I've recently been engaged on multiple fronts in a far-too-common discourse for me: comma usage. For one, there's the continual struggle with my students over the ever-more-ubiquitous comma splice (e.g., "I went to the store, the bread smelled good"), which I fear is on its way to such common usage that it's no longer even considered bad grammar.
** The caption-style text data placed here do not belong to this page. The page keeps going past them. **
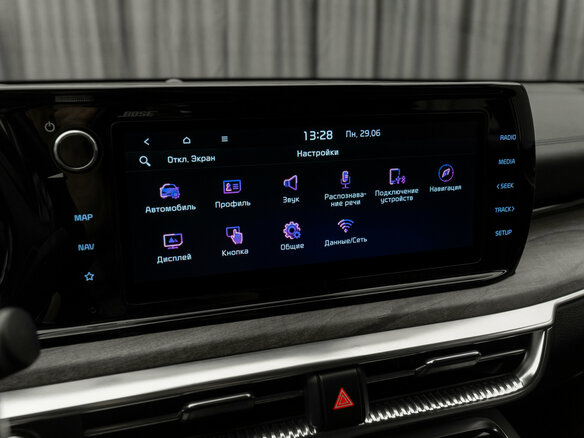 2021 Kia K5 III, белый - вид 22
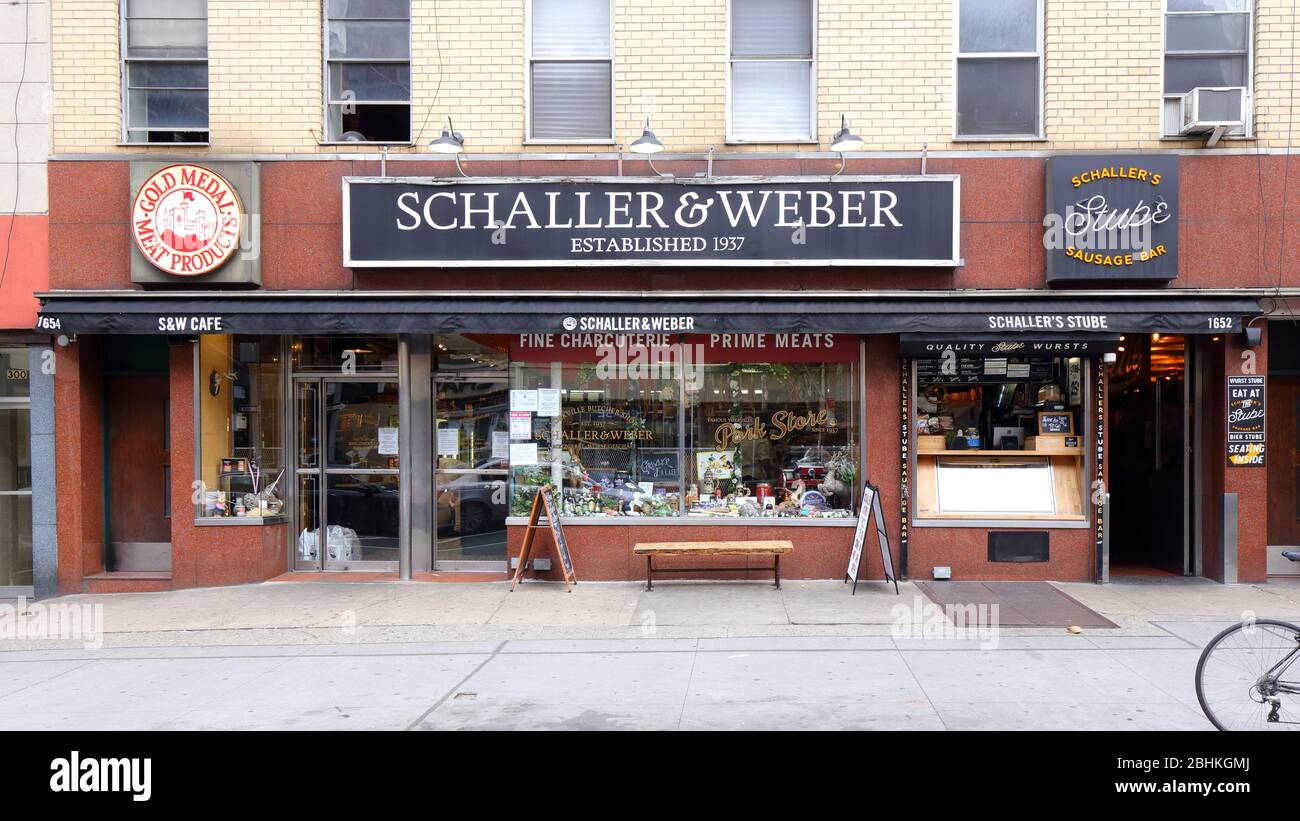 Schaller & Weber, 1654 2ème Avenue, New York, NY. Face extérieure d'un boucher et d'une épicerie allemands dans le quartier Yorkville de Manhattan. Banque D'Images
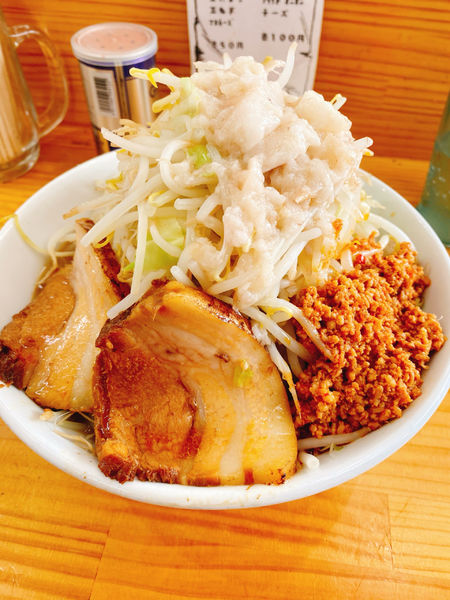 「ど豚骨ラーメン　ピリ辛肉」@宮二郎の写真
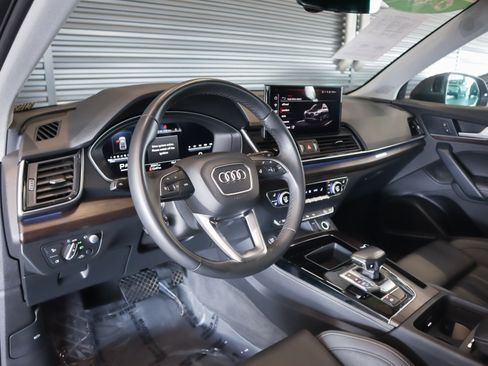 Used 2023 Audi Q5 2.0T Prestige w/ Prestige Package AWD/4WD image 17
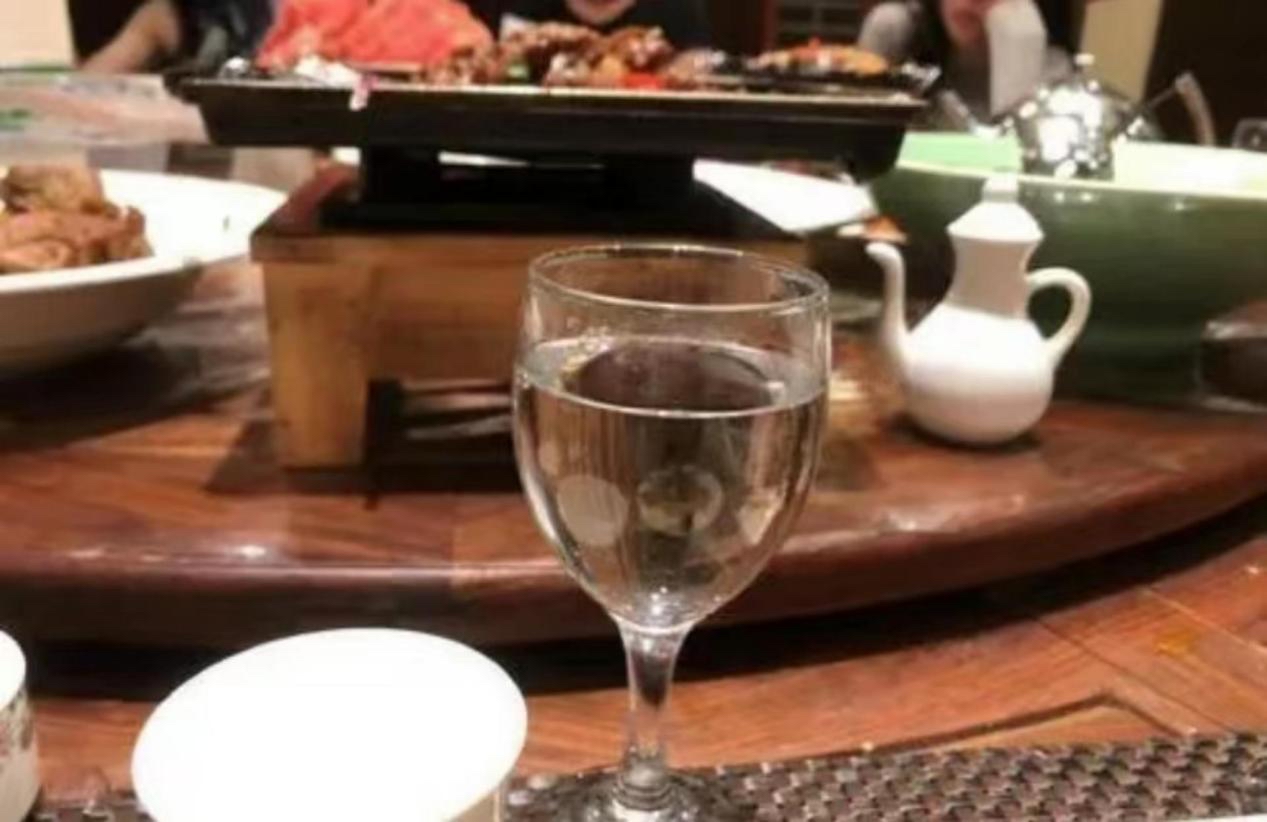 酒局上领导让你提一杯该怎么说,领导让你买烟怎么回复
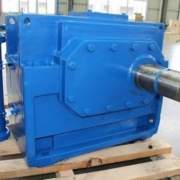 single stage vertical speed reducer with pump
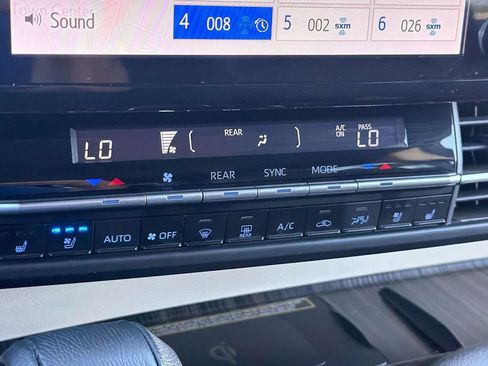 Certified 2021 Toyota Sienna Platinum FWD image 20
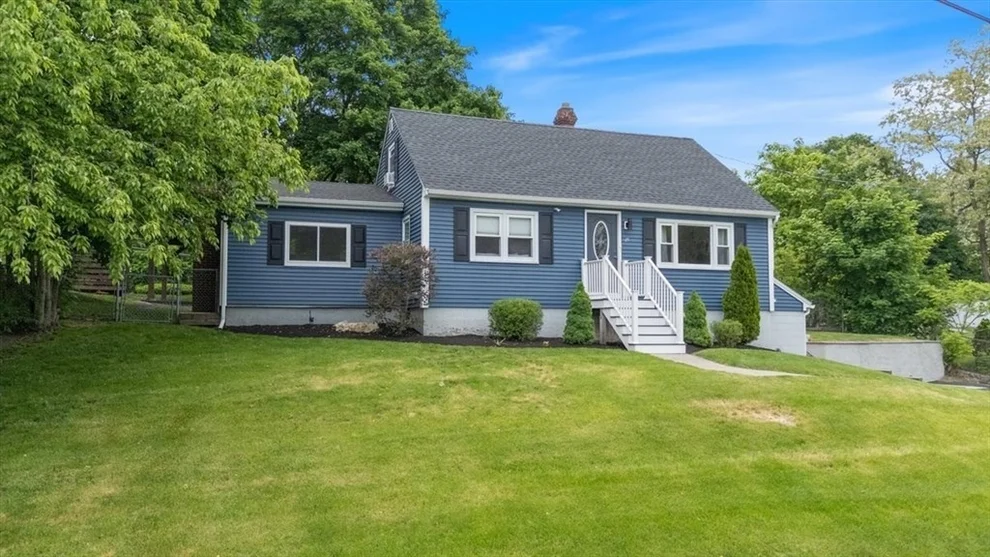 Unit for sale at 25 Charles St, Dracut, MA 01826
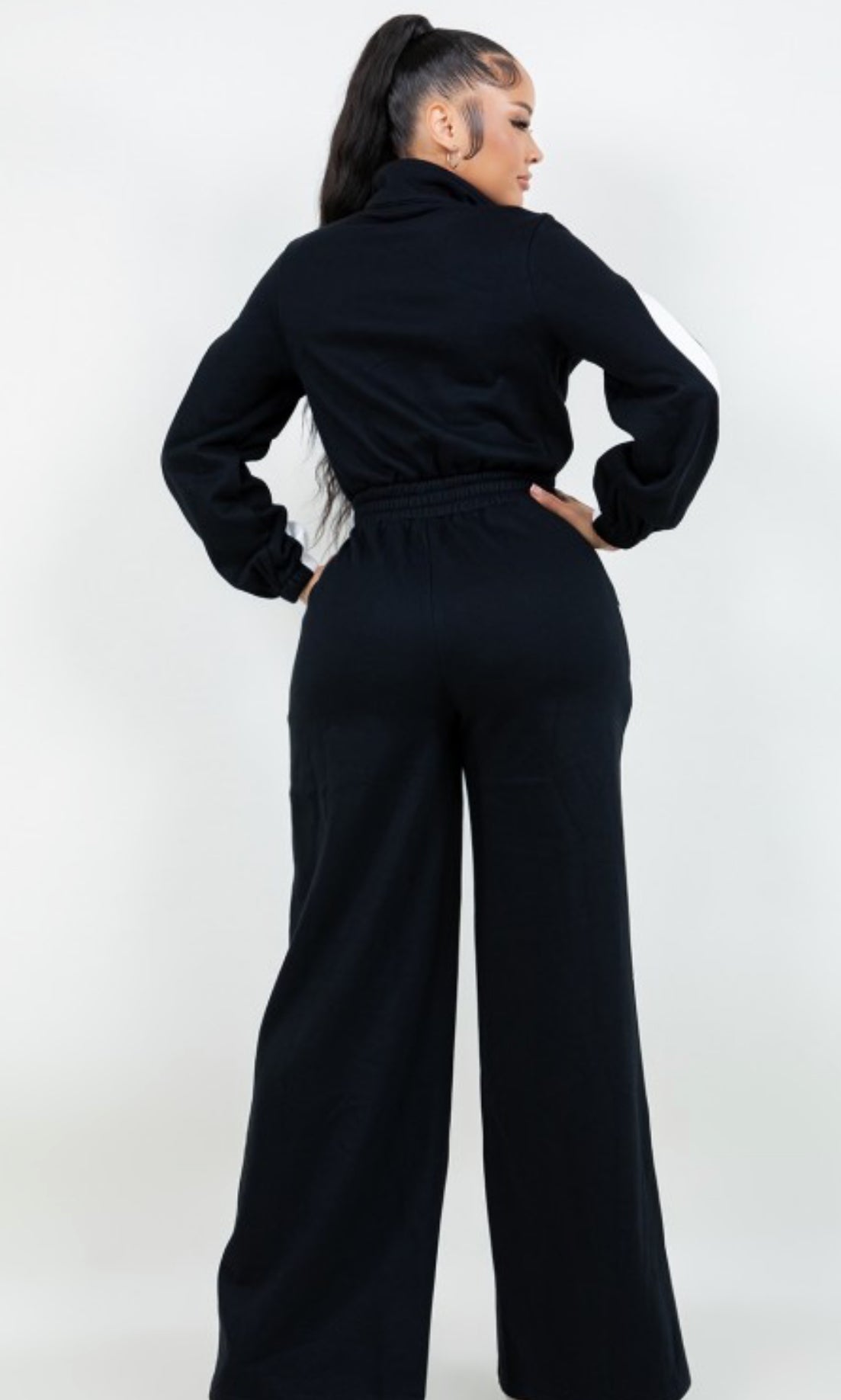 Come Pop Out in Black and White Jumpsuit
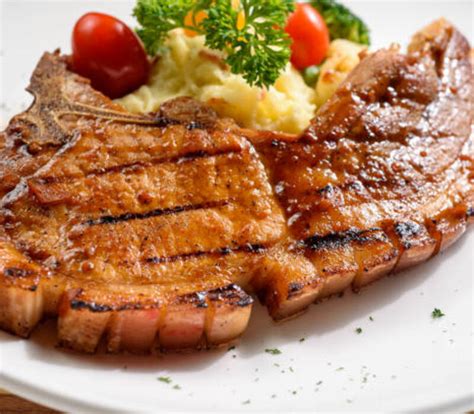 How many carbs are in pork chops with apples - calories, carbs, nutrition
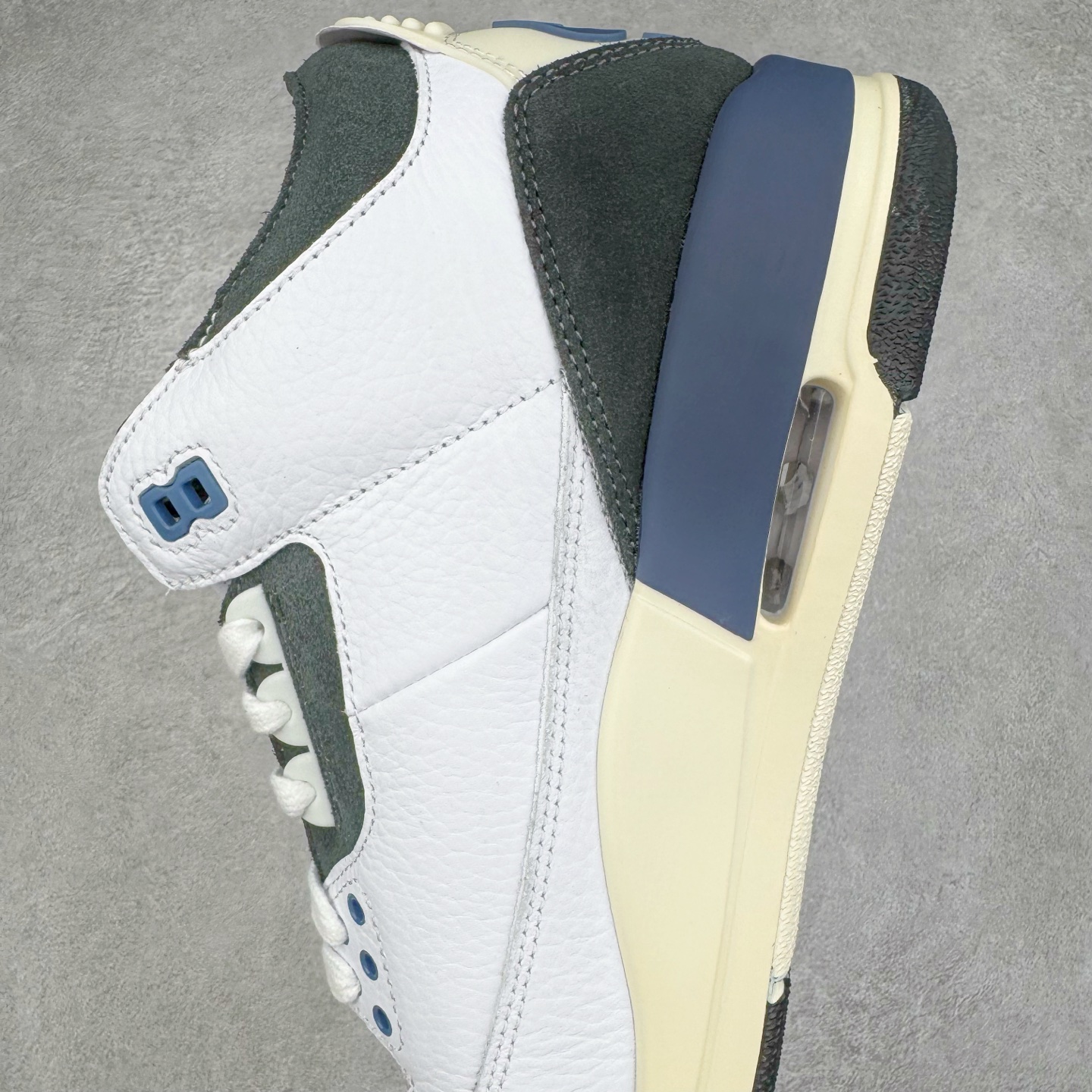 图片[7]-＃Lw纯原 A Ma Maniére x Air Jordan AJ3 Retro AMM联名白蓝 HV8571-100 圈内最强三代系列 匠心打造 开发时长超过半年 目前可过各类鉴定或无法鉴定 裸鞋随便操作 全套原纸板楦头开发 原厂大底磨具加持立体防滑纹理 原装可视Air Sole气垫 原汁原味最完美的三代版型 唯一正确鞋头趴度弧度高度鞋身腰线 原厂TPU彩虹扎染后跟饰片 正确内里反口里网布 皮料菱角分明不变形无多余毛边 广东原厂zp同批次手工大底描漆拉丝 市场唯一原厂鞋扣模具 原厂织唛标 原厂飞人电绣工艺 尾指中部跳三针 独家绑鞋带手法 印刷中底布 四线拉帮 米色美纹纸贴合固定 进口港宝加持 后跟自然饱满 全鞋荧光划线卡点 追求极致完美 每一双都是工艺品 多重QC质检 超越公司货的品控标准 实实在在的免检产品 尺码：36 36.5 37.5 38 38.5 39 40 40.5 41 42 42.5 43 44 44.5 45 45.5 46 47.5 48.5-选品中心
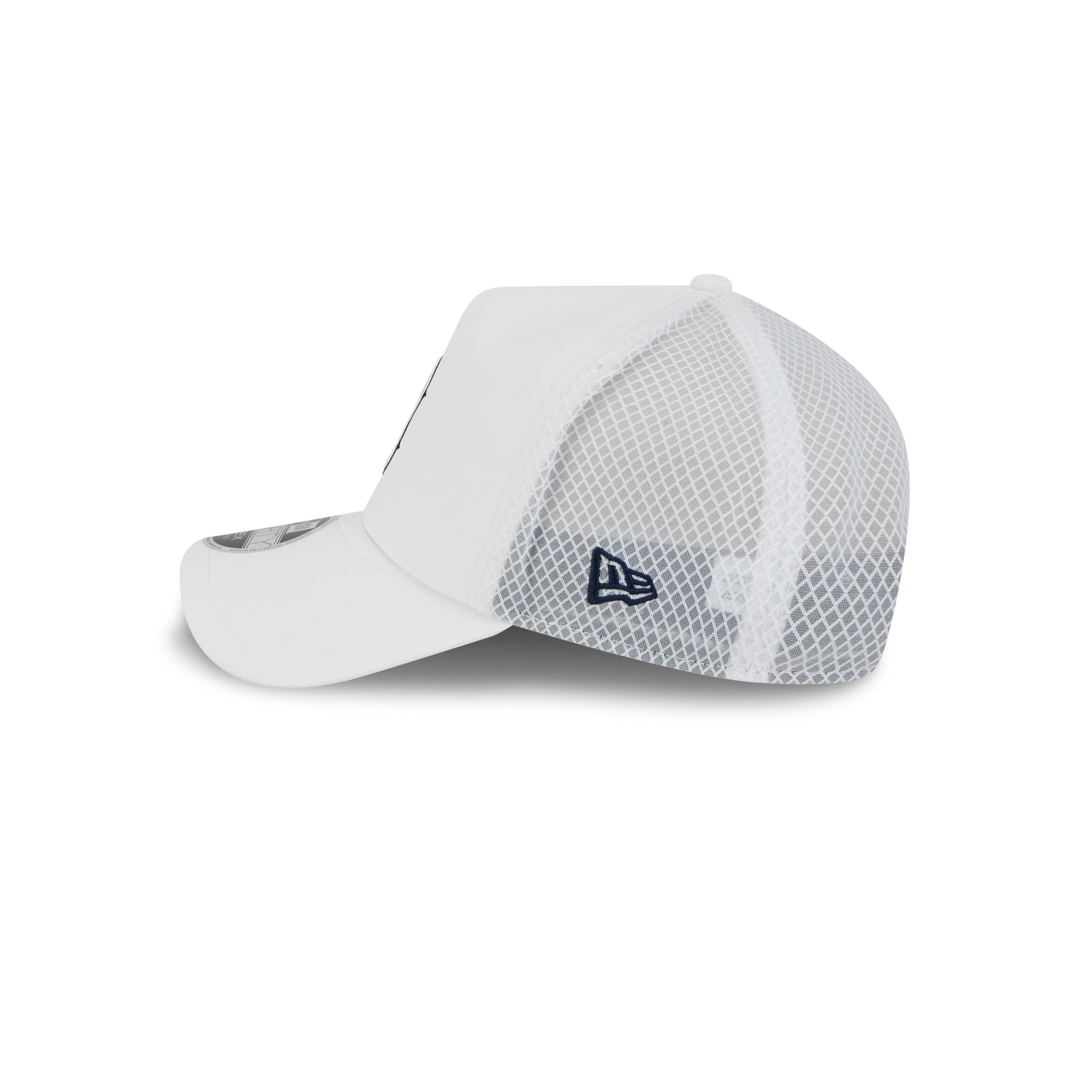 Boston Red Sox 2026 Batting Practice White 9FORTY APEX Trucker Hat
But before I seem like too much of a snob let me just say that, to my mind at least, the comma's primary function is still what it was since its inception: a time marker. Recently while critiquing my friend Cheryl Wright-Watkins's work, I found myself frequently commenting that she should remove a comma here, or add a comma there. After awhile, I felt the need to explain:

My reasoning is that the comma cues the reader to make a slight pause, sometimes because something is important, sometimes to separate words or thoughts that might get jumbled, sometimes because grammar/mechanics dictate it. I think you’re perhaps overusing the comma because you think certain points need to be held for a second, or perhaps made explicit to the reader. But you have to remember that the flipside of this is that every comma disrupts the flow of the writing, so you have to decide (in my opinion, at least) with each comma whether it’s more important to belabor a point or to keep the reader moving. This is of course a somewhat instinctive thing, and I’ll say here that I’m simply marking while reading when I feel like 1) you’re telling me to pause when I don’t want to, or 2) your pause isn’t long enough, thus the ultimate endgame: the period. (Sorry if I got a little dramatic there.)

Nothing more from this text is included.